## About this exercise
With pictures removed, print the listing exactly.

## Provided material
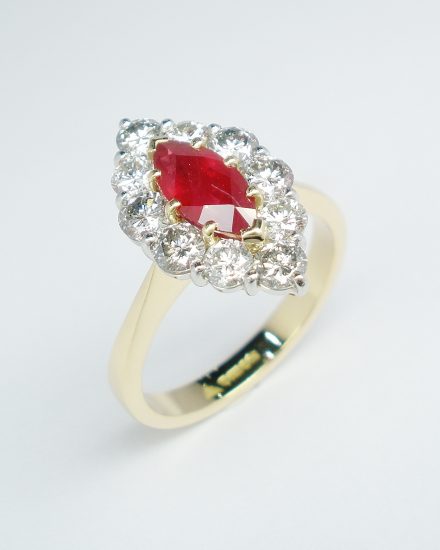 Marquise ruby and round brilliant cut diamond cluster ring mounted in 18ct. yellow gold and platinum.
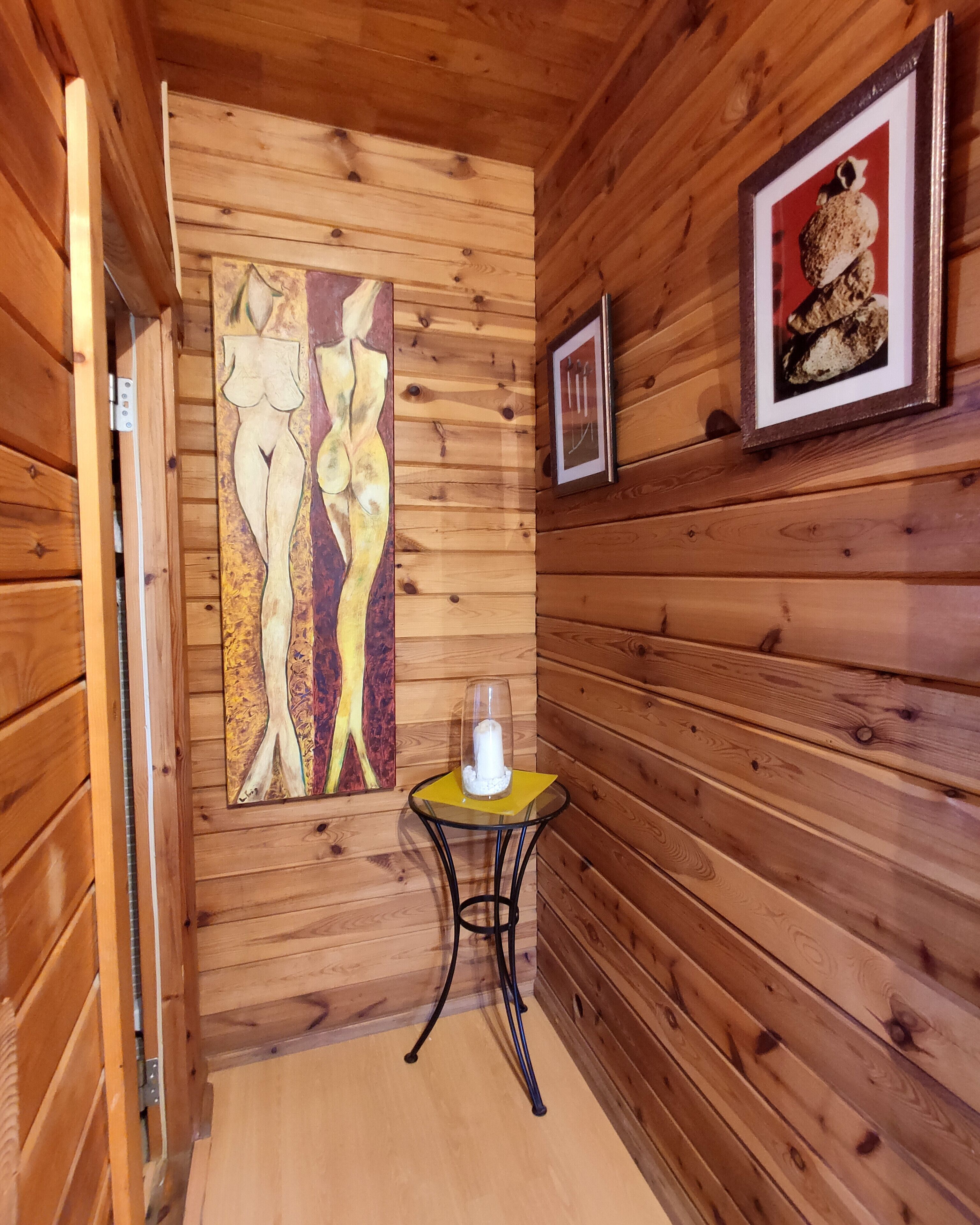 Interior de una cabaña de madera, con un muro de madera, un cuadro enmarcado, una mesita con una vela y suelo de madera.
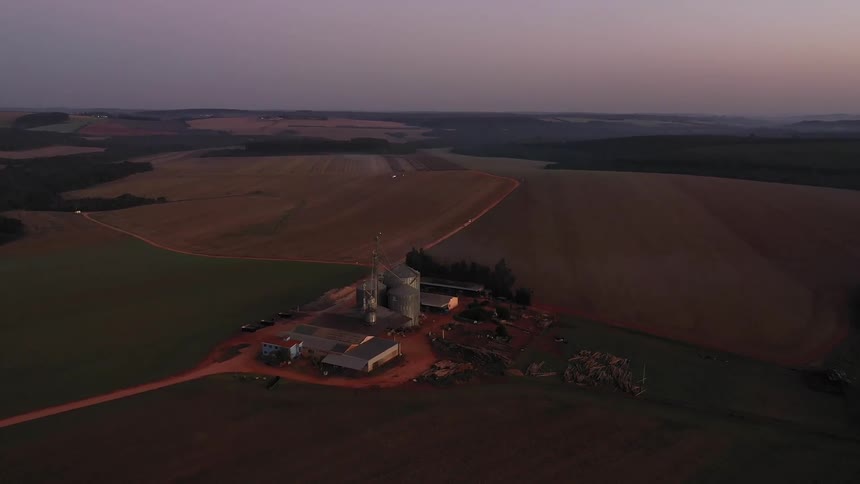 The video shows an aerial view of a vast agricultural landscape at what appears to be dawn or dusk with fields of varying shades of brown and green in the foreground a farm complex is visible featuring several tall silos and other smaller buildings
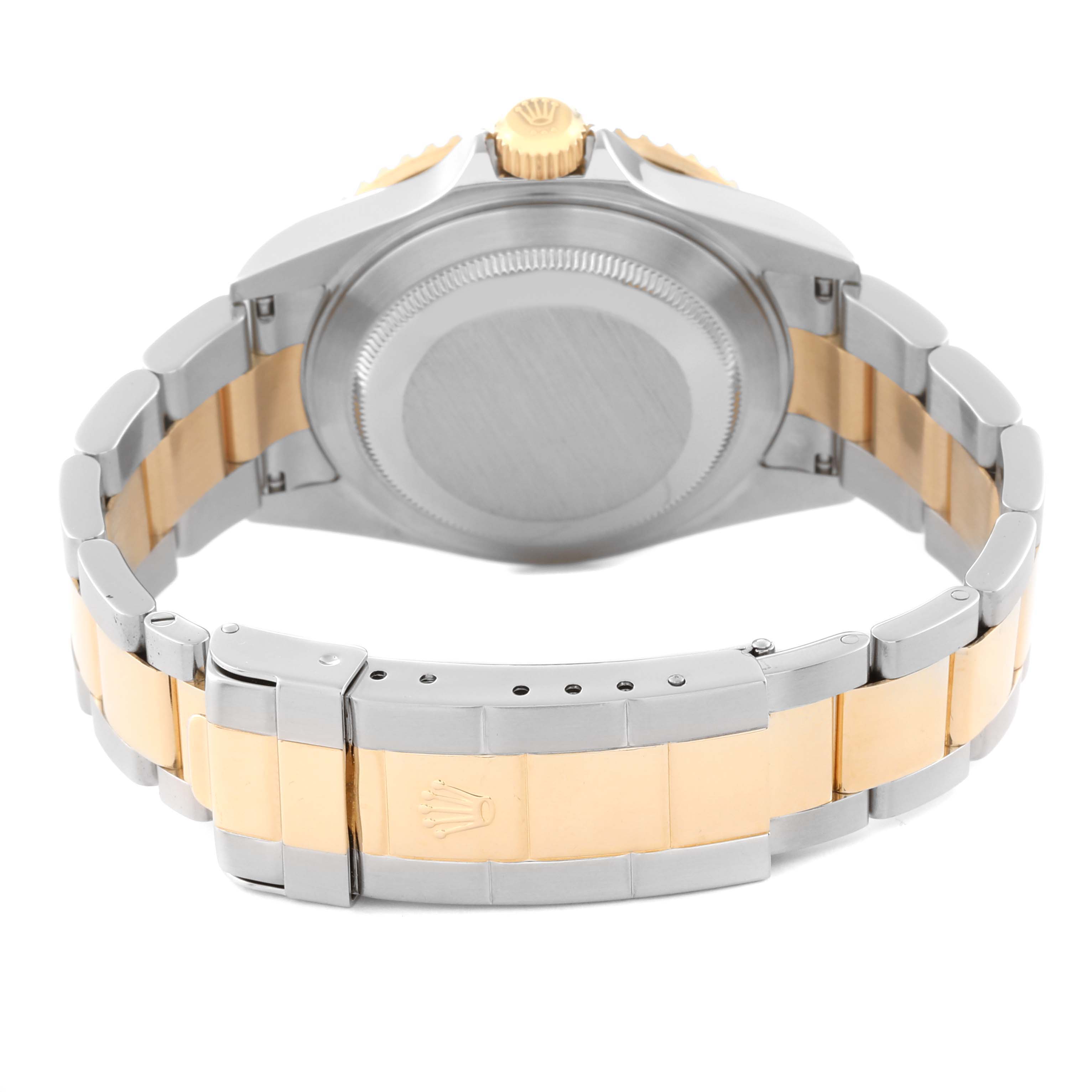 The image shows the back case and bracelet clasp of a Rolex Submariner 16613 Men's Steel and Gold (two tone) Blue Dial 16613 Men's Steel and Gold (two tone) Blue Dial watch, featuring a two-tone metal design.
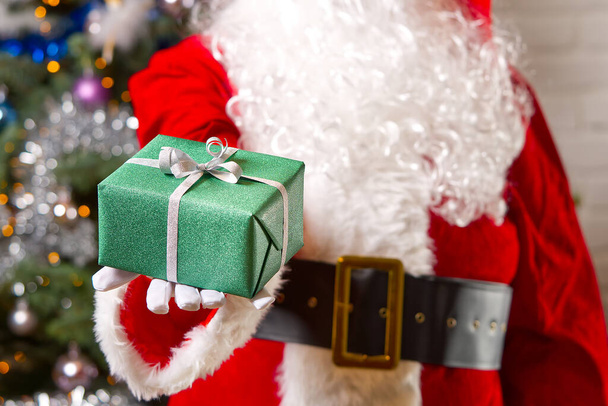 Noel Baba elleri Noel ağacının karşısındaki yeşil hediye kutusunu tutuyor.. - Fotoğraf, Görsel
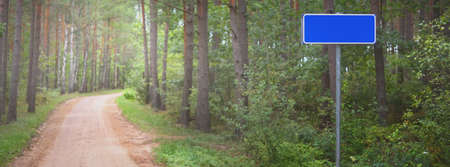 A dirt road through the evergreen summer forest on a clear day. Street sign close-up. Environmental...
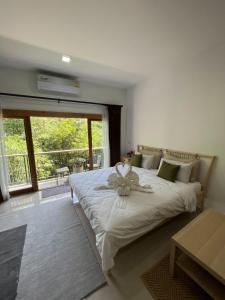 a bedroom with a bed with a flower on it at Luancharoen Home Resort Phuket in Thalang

## Response area
 Marquise ruby and round brilliant cut diamond cluster ring mounted in 18ct. yellow gold and platinum.
 Interior de una cabaña de madera, con un muro de madera, un cuadro enmarcado, una mesita con una vela y suelo de madera.
 The video shows an aerial view of a vast agricultural landscape at what appears to be dawn or dusk with fields of varying shades of brown and green in the foreground a farm complex is visible featuring several tall silos and other smaller buildings
 The image shows the back case and bracelet clasp of a Rolex Submariner 16613 Men's Steel and Gold (two tone) Blue Dial 16613 Men's Steel and Gold (two tone) Blue Dial watch, featuring a two-tone metal design.
 Noel Baba elleri Noel ağacının karşısındaki yeşil hediye kutusunu tutuyor.. - Fotoğraf, Görsel
 A dirt road through the evergreen summer forest on a clear day. Street sign close-up. Environmental...
 a bedroom with a bed with a flower on it at Luancharoen Home Resort Phuket in Thalang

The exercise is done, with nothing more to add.